Эпизод, когда мачеха, обратившаяся в страшную черную кошку, пытается задушить панночку - дочку сотника, но лишается лапы с железными когтями, навеян детскими видениями Гоголя. По воспоминаниям А. О. Смирновой (в записи П. А. Висковатого), Гоголь однажды рассказывал ей: "Было мне лет пять. Я сидел один в Васильевке. Отец и мать ушли. Оставалась со мною одна старуха няня, да и та куда-то отлучилась. Спускались сумерки. Я прижался в уголку дивана и среди полной тишины прислушивался к стуку длинного маятника старинных стенных часов. В ушах шумело, что-то надвигалось и уходило куда-то. Верите ли, - мне тогда уже казалось, что стук маятника был стуком времени, уходящего в вечность. Вдруг слабое мяуканье кошки нарушило тяготивший меня покой. Я видел, как она, мяукая, осторожно кралась ко мне. Я никогда не забуду, как она шла потягиваясь, а мягкие лапы слабо постукивали о половицы когтями, и зеленые глаза искрились недобрым светом. Мне стало жутко. Я вскарабкался на диван и прижался к стене. "Киса, киса", - пробормотал я и, желая ободрить себя, соскочил и, схвативши кошку, легко отдавшуюся мне в руки, побежал в сад, где бросил ее в пруд, где несколько раз, когда она старалась выплыть и выйти на берег, отталкивал ее шестом. Мне было страшно, я дрожал, а в то же время чувствовал какое-то удовлетворение, может быть, месть за то, что она меня испугала. Но когда она утонула и последние круги на воде разбежались - водворились полный покой и тишина, - мне вдруг стало ужасно жалко "кисы". Я почувствовал угрызения совести. Мне казалось, что я утопил человека. Я страшно плакал и успокоился только тогда, когда отец, которому я признался в поступке своем, меня высек". В М. н. или у. ведьму-мачеху утаскивает в пруд утопленница-панночка.

В. Г. Белинский в статье "О русской повести и повестях г. Гоголя" (1835) писал о М. н. или у.: "...Читайте ее в зимний вечер у пылающего камелька, и вы забудете о зиме с ее морозами и метелями; вам будет чудиться эта светлая, прозрачная ночь благословенного юга, полная чудес и тайн; вам будет чудиться эта юная, бледная красавица, жертва ненависти злой мачехи, это оставленное жилище с одним растворенным окном, это пустынное озеро, на тихих водах которого играют лучи месяца, на зеленых берегах которого пляшут вереницы бесплотных красавиц... Это впечатление очень похоже на то, которое производит на воображение "Сон в летнюю ночь" Шекспира".
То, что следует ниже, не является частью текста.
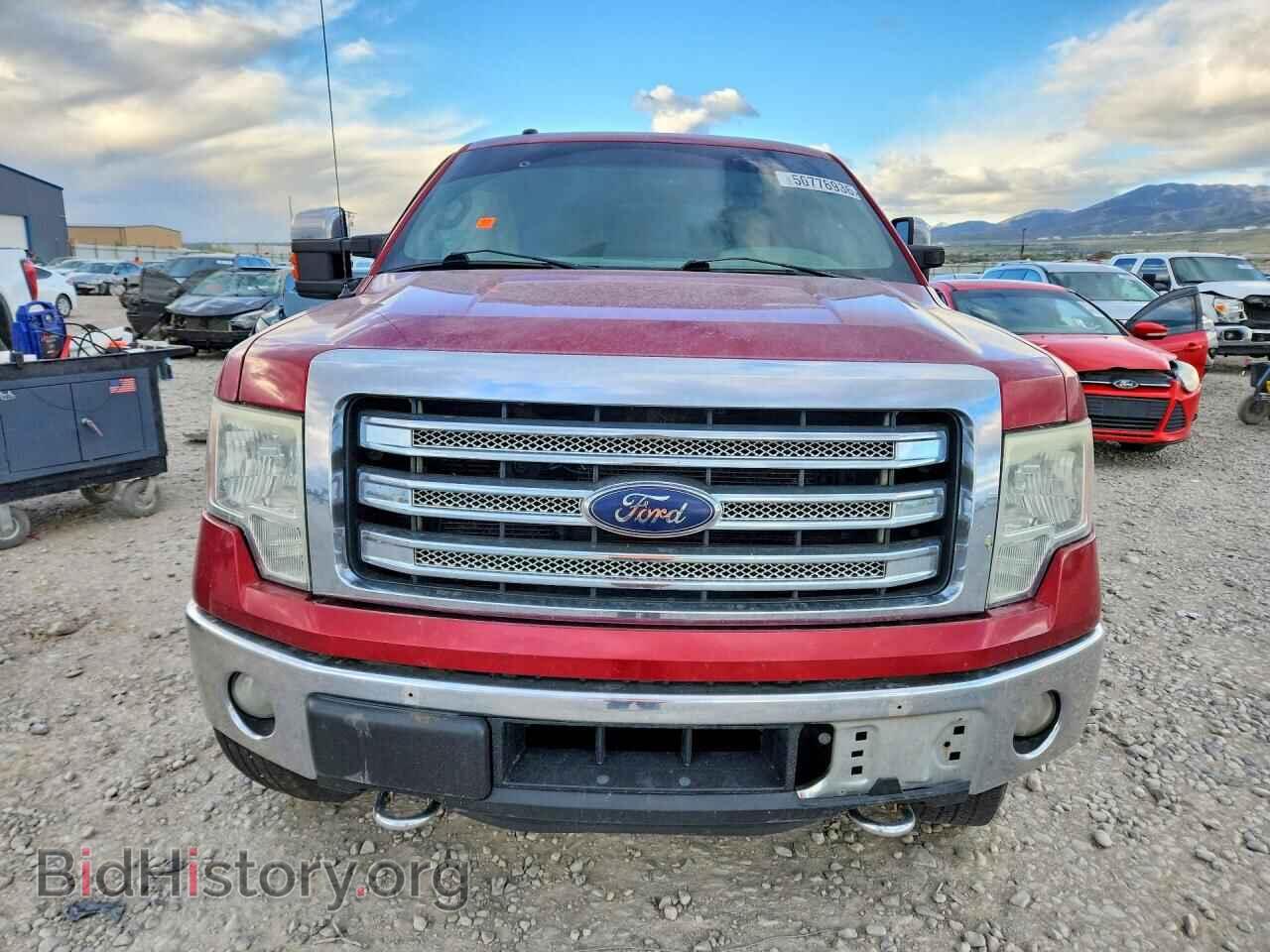 2014 FORD F150 - VIN: 1FTFW1ET0EFC33706 - Фото 5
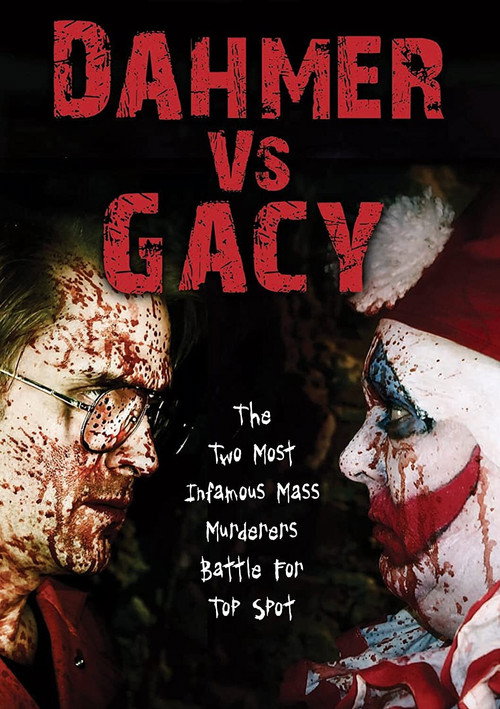 Movie poster for Dahmer vs. Gacy (2010)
Ю. М. Лотман в книге "В школе поэтического слова" (1988) отмечал, что у Гоголя волшебное пространство в М. н. или у. дублирует "каждодневное пространство": "Когда... дом сотника - то заколоченная развалина, на месте которой собираются строить винницу, то сверкающие хоромы, становится очевидным, что меняется не он: просто есть около села реальный пруд со старым домом, но в том же месте находится и обычно недоступный людям (попасть к нему можно лишь случайно) другой пруд с другим домом на берегу. В нем и сейчас - в то же самое время, когда происходит действие повести, живет панночка-утопленница. Эти два пространства взаимно исключают друг друга: когда действие перемещается в одно из них, оно останавливается в другом".

 

МАКСИМОВИЧ Михаил Александрович (1804-1873), ботаник, этнограф и историк. С 1833 г. был профессором ботаники в Московском университете, позднее, с 1834 г., профессор русской словесности и ректор Киевского университета Св. Владимира. С 1845 г. прекратил чтение лекций и поселился в своем имении в Полтавской губернии на берегу Днепра. М. выпустил ряд сборников украинских песен и стал автором исследований по украинскому языку и истории и археологии Украины.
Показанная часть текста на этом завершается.